* **ABOUT THIS EXERCISE**
Read the records below and report each line in which "Chapter" occurs.
----- PROVIDED ENTRIES
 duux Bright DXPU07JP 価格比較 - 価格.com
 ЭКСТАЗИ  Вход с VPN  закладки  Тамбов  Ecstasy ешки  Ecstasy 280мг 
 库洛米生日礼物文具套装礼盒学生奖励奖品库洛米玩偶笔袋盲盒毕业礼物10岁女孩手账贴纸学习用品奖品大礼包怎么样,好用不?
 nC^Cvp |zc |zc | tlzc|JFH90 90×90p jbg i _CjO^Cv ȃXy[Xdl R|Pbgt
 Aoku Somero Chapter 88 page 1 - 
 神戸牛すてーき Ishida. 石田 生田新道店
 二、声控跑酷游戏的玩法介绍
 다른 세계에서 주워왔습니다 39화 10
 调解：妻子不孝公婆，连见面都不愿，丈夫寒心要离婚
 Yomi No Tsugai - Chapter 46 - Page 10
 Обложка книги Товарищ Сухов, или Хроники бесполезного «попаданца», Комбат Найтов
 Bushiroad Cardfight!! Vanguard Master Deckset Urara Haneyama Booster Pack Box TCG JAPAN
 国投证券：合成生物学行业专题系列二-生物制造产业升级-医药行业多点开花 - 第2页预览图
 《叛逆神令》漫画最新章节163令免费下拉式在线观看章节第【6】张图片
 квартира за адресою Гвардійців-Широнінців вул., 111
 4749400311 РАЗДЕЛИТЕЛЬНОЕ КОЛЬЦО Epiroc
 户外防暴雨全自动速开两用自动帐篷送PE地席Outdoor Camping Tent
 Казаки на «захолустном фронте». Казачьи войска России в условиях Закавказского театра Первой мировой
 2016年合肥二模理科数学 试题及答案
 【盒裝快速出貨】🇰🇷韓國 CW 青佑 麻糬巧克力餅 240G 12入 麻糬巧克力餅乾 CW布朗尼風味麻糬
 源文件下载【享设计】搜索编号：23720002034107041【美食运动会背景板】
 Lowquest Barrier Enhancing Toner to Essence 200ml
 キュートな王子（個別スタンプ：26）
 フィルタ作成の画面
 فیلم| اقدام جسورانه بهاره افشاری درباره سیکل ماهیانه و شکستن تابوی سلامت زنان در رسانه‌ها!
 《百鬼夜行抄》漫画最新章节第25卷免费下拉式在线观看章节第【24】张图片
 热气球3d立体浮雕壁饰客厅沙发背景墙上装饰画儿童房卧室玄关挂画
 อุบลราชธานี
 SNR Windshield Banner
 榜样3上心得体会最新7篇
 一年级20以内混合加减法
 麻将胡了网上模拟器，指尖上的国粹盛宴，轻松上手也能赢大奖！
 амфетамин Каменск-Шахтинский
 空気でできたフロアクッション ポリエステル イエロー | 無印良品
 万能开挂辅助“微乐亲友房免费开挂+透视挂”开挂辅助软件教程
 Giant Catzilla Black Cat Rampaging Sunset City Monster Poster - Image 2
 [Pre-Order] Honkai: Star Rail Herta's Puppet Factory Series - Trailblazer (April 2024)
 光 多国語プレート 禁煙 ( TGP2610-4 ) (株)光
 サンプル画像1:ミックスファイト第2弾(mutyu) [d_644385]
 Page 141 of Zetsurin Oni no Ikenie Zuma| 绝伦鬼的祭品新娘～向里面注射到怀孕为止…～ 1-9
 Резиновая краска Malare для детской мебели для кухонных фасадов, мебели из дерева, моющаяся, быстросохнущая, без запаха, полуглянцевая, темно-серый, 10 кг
----------
* **ANSWER TO THE EXERCISE**
 Aoku Somero Chapter 88 page 1 - 
 Yomi No Tsugai - Chapter 46 - Page 10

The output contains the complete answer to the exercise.